I wanted to make two points... Jesus is aid to have ascended into heaven. He was 'Taken up' in a cloud (whatever that means). I like to picture that as some form of dematerialization.
The point is not so much that the 'transporter' technology is harnessable by man with machinery capable of accomplishing such a feat, but that it is far more natural or ('most natural') than what we consider supernatural at the levels of reality inwhich God lives. The reality inwhich energy is then reduced to mere Spirit and transcends the natural universe. I believe it to be 'most natural'.
Of course that is a metaphysical belief like string theory, and is only a hint of what I interpret the quantum realm to contain. And I admittedly am no expert on the sciences, the quantum being one of them. However, John Polkinghorne at Cambridge is a professor of quantum physics at cambridge and makes that same point. That the dimension of the transcendant can no longer be ignored. Others such as the pantheist Fritjof Capra, also make the claim but from a different spiritual bent than Christianity.
It's something I think is worthy of considering. Not dismissable out of hand.
To me, this is just fascinating stuff to ponder and think about. And in an obvious way, also just so happens to point to the person of Christ, as not just extraordinary, but likely as well. Am I trying to lead you. Absolutely!
It ties in with the other question. I have often thought that something is out there. I think it is inherent in the human condition . Something that confirms for us on some very fuzzy level that we are not alone.
I got this idea when in disgusted response to my Christian beliefs, a man told me he was waiting for the aliens show up and set us all straight. He had understandably lost his faith in Mankind.

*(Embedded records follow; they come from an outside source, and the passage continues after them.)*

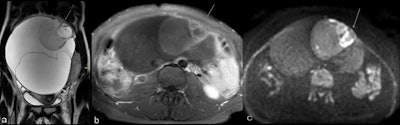 Mucinous borderline tumor and stage IA invasive ovarian cancer in a 28-year-old woman. Coronal T2 (a) demonstrates a large multilocular cystic mass of the right ovary typical of a mucinous tumor. At its superior aspect areas with irregular septations, contrast enhancement (b), and restricted diffusion (c) are demonstrated (arrow).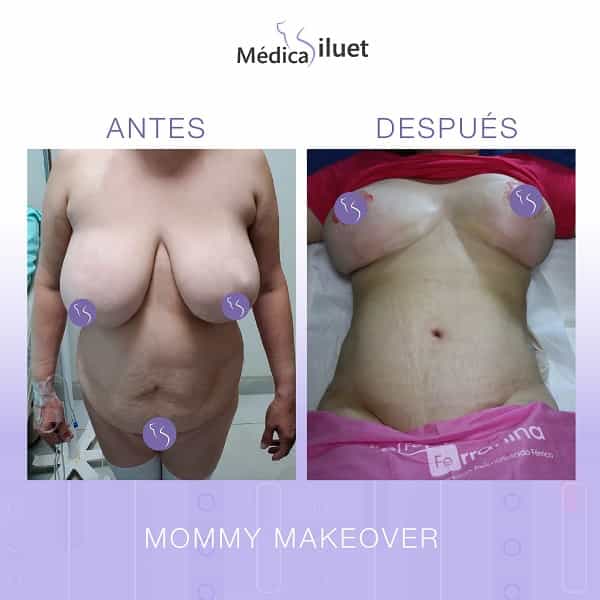 Mommy Makeover in Tijuana Mexico Before and After Images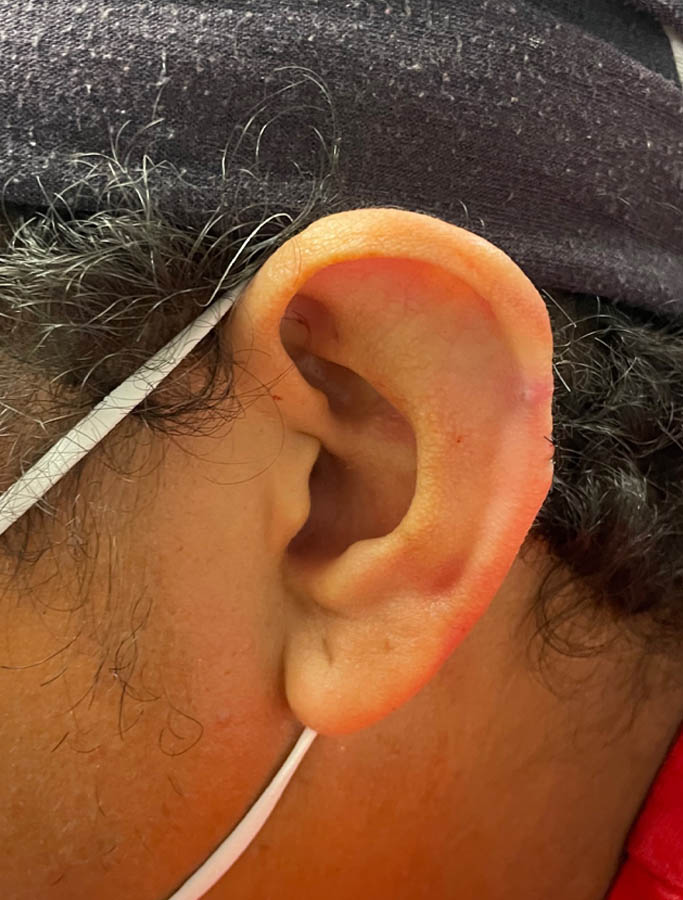 After Image: Patient Case #17918 - left-side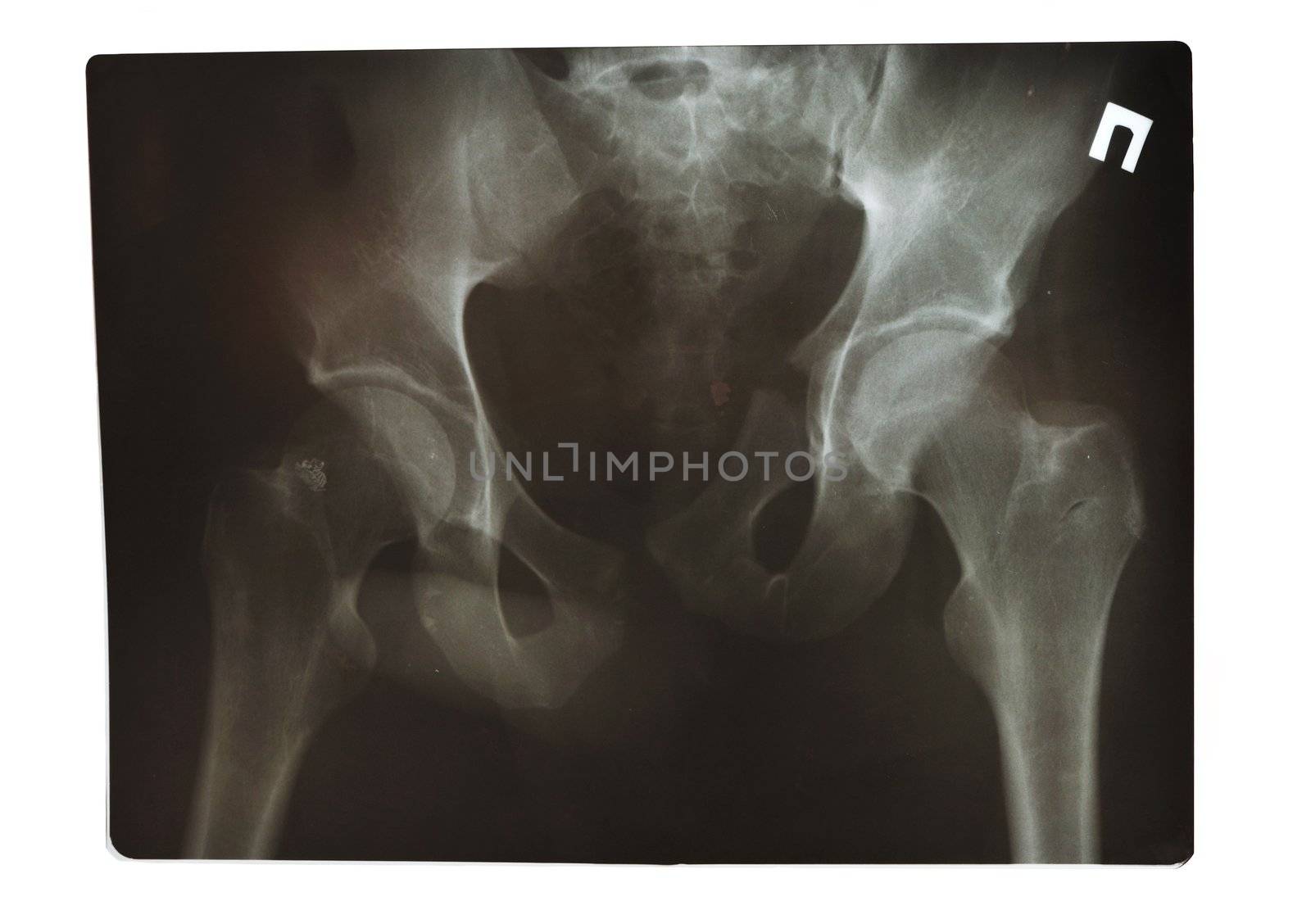 X-Ray shot by haveseen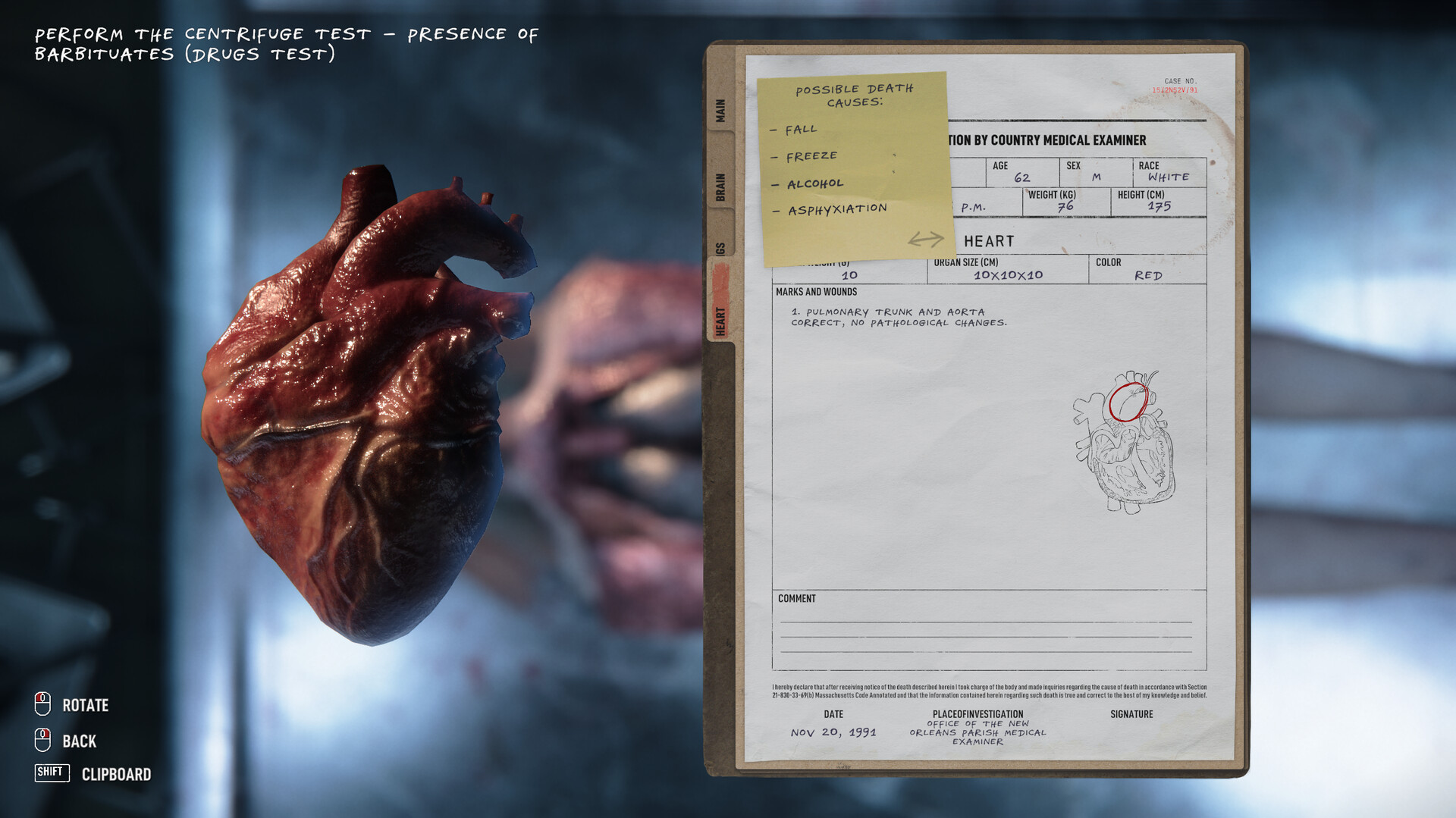 Autopsy Simulator Preview 3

And that tends to push us from the idea of this God-man as believeable.
It cuts at the root of our belief that any man could actually be so much more righteous than you or I, that we could bend our knee in the kind of honorable service that so many films about honor and selflessness conjure.

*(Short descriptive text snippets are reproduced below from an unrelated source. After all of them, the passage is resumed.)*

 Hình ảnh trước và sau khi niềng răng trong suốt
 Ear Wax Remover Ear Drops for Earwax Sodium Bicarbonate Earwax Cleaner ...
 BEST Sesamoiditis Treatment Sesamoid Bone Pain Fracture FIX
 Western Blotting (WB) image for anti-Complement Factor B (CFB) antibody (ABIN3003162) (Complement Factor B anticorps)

Let's admit that our patriototism in whatever culture is the blind leading the blind. So the question arises, who can see? Who has the discipline and the patience to lead us into reality? who has the authority to handle that kind of power? What would it look like?
What struck me with his alien comment, was his search for a savior. Again, a common theme for humanity. Something base and 'most natural'. Be it cars, women, money, politics, philosophy, aliens or what have you, we simply need to have something to believe in.
So I responded to him, and said that I believed the aliens had already visited us two thousand years ago. And not in some mechanical vessel that fits our notion of a space craft, but something far more sophisticated. A vessel of such complexity and natural construction, that it was part and parcel of the universe itself. An organic vessel of unimaginable glory. something we take for granted more than almost any other gift.
And then I mentioned to him that just as in the 50' movie where the alien comes out of his ship and reveals himself with a gesture of peace and we interpret that as a threat and kill him... So we also crucified our Lord when we could not understand his terms of peace.
It's 'most natural'.
That connection is far more than coincidental to me. How about you? What do you think when Christ tells us we are condemed already, and He did not come to condemn but to save.
What do you think when a man claims to be God and then lays down all he has materially and completely trusts in what to us seems to be the unknown?
When you look at the world, is it not condemed already? Speaking for myself, I know that I am like that thief on the cross... My punishment would be justified, because in some 'most natural' way... I believe in my heart that there is justice, though the physical evidence would lead me to think not.
Jar wanted an affirmative example of an absolute in the other thread. I believe it is justice, mercy, and love.
We expect all of those from others because it is most natural.
There is only one place you find them all.